Maria is the chief data scientist of her city’s school district, and she needs help analyzing data on school funding and standardized test scores. Using the dataset provided, we will be aggregating the data to showcase trends in school performance by completing the following tasks:
- Collect and place the student data into a DataFrame.
- Prepare and clean the DataFrame.
- Summarize key aspects of the data.
- Analyze specific subsets of data.
- Compare and contrast the data.
- Data Source: new_full_student_data.csv
- Software used: Python 3.9.7, Jupyter Notebook 6.4.12 and Pandas 1.3.5
During this analysis, I found that the reading and math scores had some null values, and the dataset has a few duplicate rows that needed to be dropped before the analysis could begin.

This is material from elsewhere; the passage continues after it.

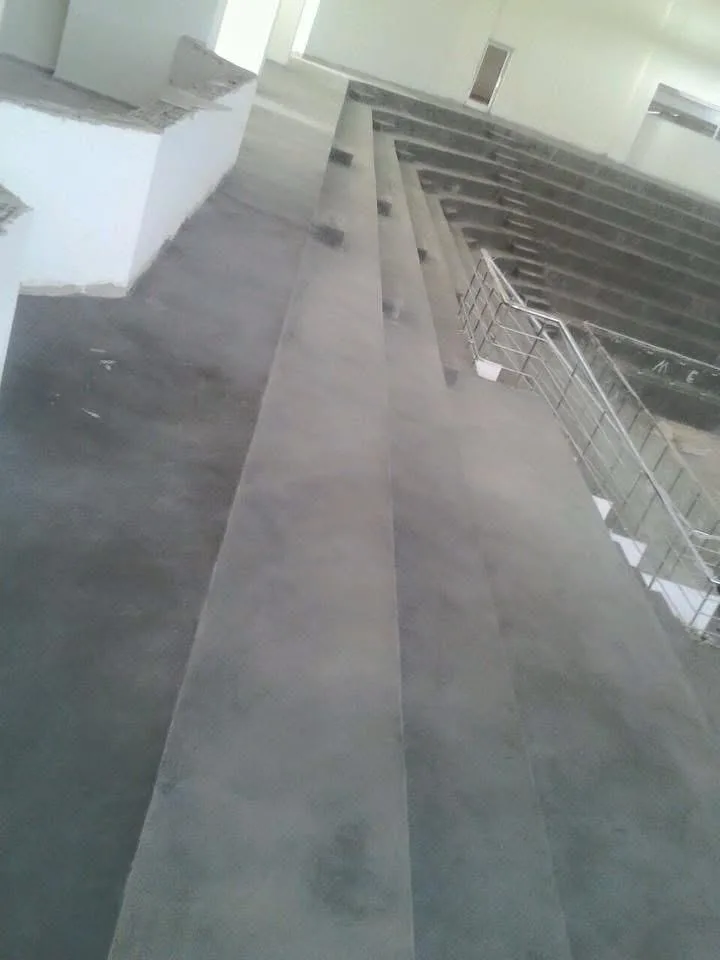 Kilis 2.500 Kişilik Kapalı Spor Salonu — fotoğraf 3/7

The “grade” variable was misclassified as an object datatype because there were non-numeric variables (the "th" in 9th, 10th, 11th, and 12th) that needed to be removed so the datatype could be changed to an “integer”.
Using the describe
function, a summary of the data showed that:
- The average reading score amongst all students in the dataset is 72.35.
- The mean math score of all students in the dataset is 64.67.

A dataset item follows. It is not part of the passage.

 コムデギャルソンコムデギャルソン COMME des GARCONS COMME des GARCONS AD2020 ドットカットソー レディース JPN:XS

- The lowest reading score found in the dataset is 10.5.
When taking a closer look at the descriptive statistics with the loc
and iloc
functions, the results showed:
- The average reading score of all 9th graders is 69.24, and the average math score is 66.58.

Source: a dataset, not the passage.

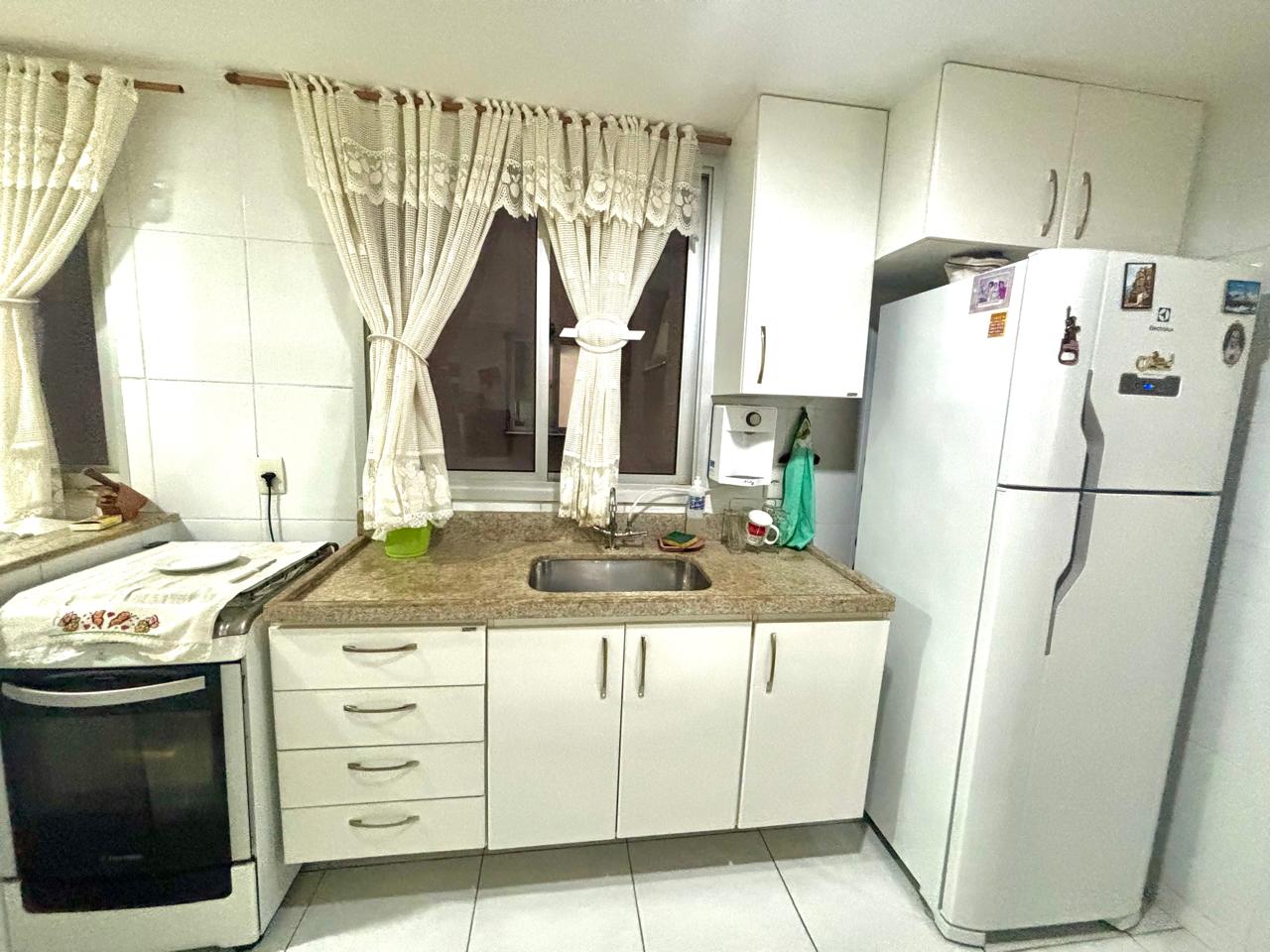 Imagem Apartamento com 2 Quartos à Venda, 98 m² em Itapuã - Vila Velha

- Matthew Thomas, a 10th grader from Dixion High School has the lowest reading score in the dataset with a 10.5.
- The mean reading score for all 11th and 12th graders is 74.9.
When comparing District schools and Charter schools primarily using the groupby
function, the analysis showed that:
- Public schools had a higher school budget ($911,195) than Charter schools ($872,625).
- Montgomery High School had the most students (2038) while Chang High School had the least (171).
- Charter schools had higher math scores (except for 12th grade) than Public Schools.